Wintermärchen Deutschland 2018 – 125min.

Filmkritik

Alles nur ein stummer Schrei nach Liebe?

Locarno Film Festival
Filmkritik: Locarno Film Festival

Regisseur Jan Bonny zeigt in seinem Spielfilm Wintermärchen eine toxische Dreierbeziehung, die sich in rechtsradikaler Gewalt entlädt. Was das mit Ausländerhass zu tun haben könnte? Das scheint ihn nicht zu interessieren.

Filmkritik von Silvia Posavec

Becky und Tommi sind ein mehr als unglückliches Paar. Ob das daran liegt, dass sie sich im sogenannten «Untergrund» befinden, oder einfach an der kranken Grunddisposition ihrer Beziehung, bleibt erst mal offen. Wir folgen den beiden auf ihren konspirativen Streifzügen. Fast schon albern wirkt die Szene, in der sie nach heimlichen Schiessübungen im Wald nervös die Patronenhülsen zusammensuchen und abzählen. Sollen wir an Bonnie und Clyde denken, oder eher Beate (Zschäpe) und Uwe (Mundlos)?

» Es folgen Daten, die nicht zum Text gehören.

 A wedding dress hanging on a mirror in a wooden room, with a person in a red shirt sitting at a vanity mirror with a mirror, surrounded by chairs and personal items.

Doch Regisseur Jan Bonny interessiert sich dann gar nicht so sehr für den Nationalsozialistischen Untergrund (NSU). Sein Blick konzentriert sich auf die Beziehung seiner fiktiven Protagonisten. Über lange Strecken sehen wir, wie Becky (Ricarda Seifried) ihre Macht über ihren Freund demonstriert: Wiederholt erniedrigt sie ihn, greift Tommi (Thomas Schubert) nicht nur verbal an. Im nächsten Moment verführt sie ihn und entlockt ihm schmutzige Sexfantasien. Tommi, immer bemüht, auf seine Freundin einzugehen, verrät ihr verlegen, dass er sich schon vorgestellt hat, dabei zuzuschauen, wie Becky von einem anderen gefickt wird. Dies wird alsbald Realität, als Maik (Jean-Luc Bubert) ins Spiel kommt. Der gemeinsame Bekannte stürmt grosskotzig und aggressiv die Szenen. Er lässt keine Gelegenheit aus, seinen Schwanz rauszuholen, und findet bald den gleichen perfiden Spass daran, Tommi zu erniedrigen.

Tommi ist „keiner von den Bösen“, wie er im Film immer wieder beteuern wird. Er wollte studieren, hat sich aber nicht getraut. Genauso, wie er sich nicht traut, zuzugeben, dass er eigentlich auf Maik steht. Tommi ist Mitläufer. Seine Frustration kommt aus der sozialen Isolation im Leben zu dritt und aus der immensen psychischen Gewalt, der er andauernd ausgesetzt ist. Später bricht diese Frustration in rohe Gewalt gegen Ausländer aus. In einer der ersten Szenen ist Tommi noch nicht bereit, Menschen auf offener Strasse zu erschiessen. Er weicht Becky aus, beteuert: „Der ist Deutscher.“ – „Wo is’n der Deutscher?“ schreit Becky zurück, die ihn dazu bringen will, zu morden. Tommi radikalisiert sich, bis zur zutiefst verstörenden Szene, als er einem Opfer mit einem Feuerlöscher den Schädel einschlägt.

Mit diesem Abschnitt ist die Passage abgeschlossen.